RIP Tuco! GB&U is one of my all time favorite movies!! IMDB show he worked right up to the end - the guy was 98!!


----------



## asher (Jun 25, 2014)

RIP.


----------



## Daf57 (Jun 25, 2014)

I'm surprised there aren't more Good, the Bad and the Ugly fans out there - come on guys! It's Tuco - he passed away!


----------



## Jlang (Jun 26, 2014)

R.I.P. One of the greats for sure.


----------



## Explorer (Jun 27, 2014)

One of my favorite films in which Eli Wallach appeared, along with Christopher Lee, David Carradine, Ursula Andress and Roddy McDowall, is "Circle of Iron," written by Bruce Lee.

I do recommend it.


----------



## downburst82 (Jun 27, 2014)

The good, the bad and the ugly has been my favorite movie since I was 8

He was also in The Magnificent Seven which is another one of my favorites 

RIP


----------



## flexkill (Jun 27, 2014)

Wow! I thought he died a LOOOOONG time a go. RIP


----------



## M3CHK1LLA (Jun 30, 2014)

wow...made it to 98. rip "tuco"

ive watched the trilogy many times...at least once or twice a year. classic stuff...

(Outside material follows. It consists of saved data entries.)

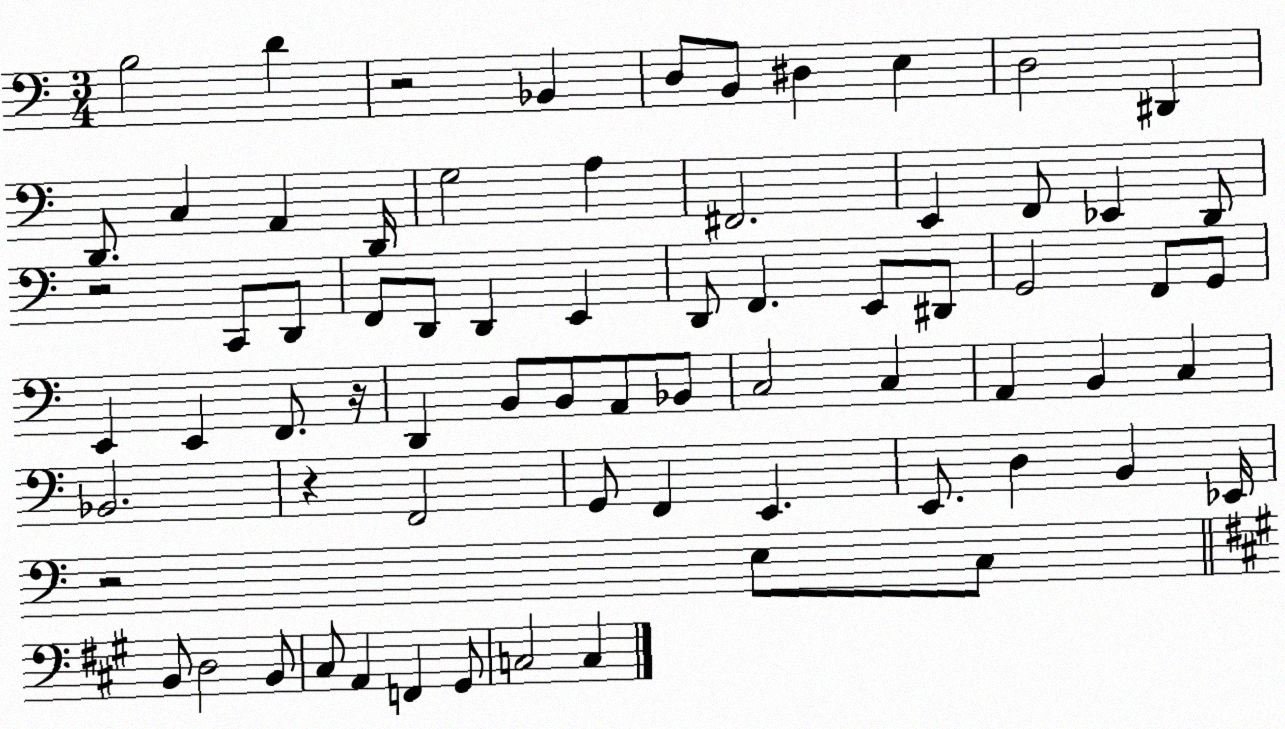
X:1
T:Untitled
M:3/4
L:1/4
K:C
B,2 D z2 _B,, D,/2 B,,/2 ^D, E, D,2 ^D,, D,,/2 C, A,, D,,/4 G,2 A, ^F,,2 E,, F,,/2 _E,, D,,/2 z2 C,,/2 D,,/2 F,,/2 D,,/2 D,, E,, D,,/2 F,, E,,/2 ^D,,/2 G,,2 F,,/2 G,,/2 E,, E,, F,,/2 z/4 D,, B,,/2 B,,/2 A,,/2 _B,,/2 C,2 C, A,, B,, C, _B,,2 z F,,2 G,,/2 F,, E,, E,,/2 D, B,, _E,,/4 z2 E,/2 C,/2 B,,/2 D,2 B,,/2 ^C,/2 A,, F,, ^G,,/2 C,2 C,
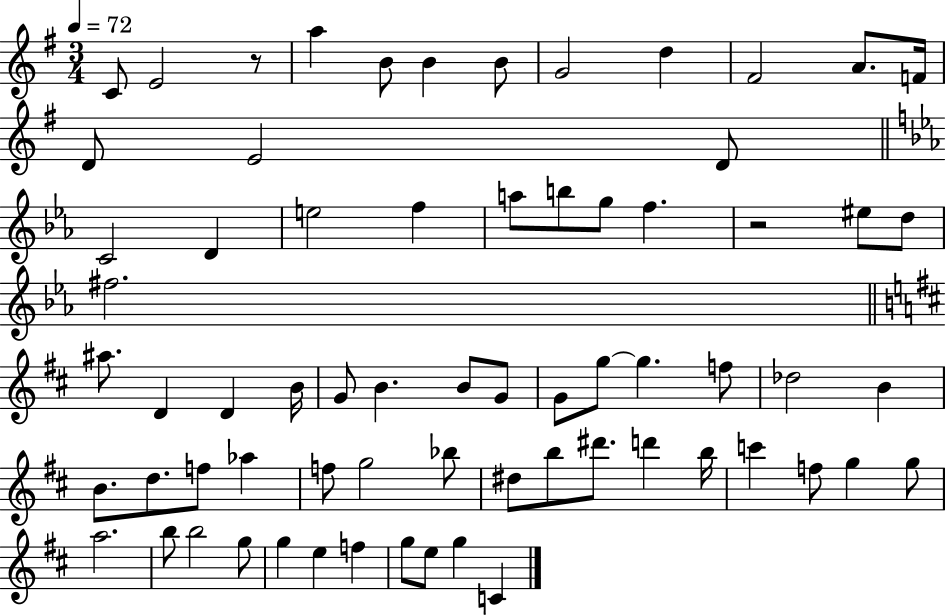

also, i didnt know "snake eyes" died years ago...back in 89.


----------



## TimothyLeary (Jun 30, 2014)

Rip.


----------



## stuglue (Jul 6, 2014)

You know what you are? You're just a..........
Awesome film, up there with The Blues Brothers


----------



## nickswhlos (Jul 7, 2014)

yes,He was also in The Magnificent Seven which is another one of my favorites ,thanks


----------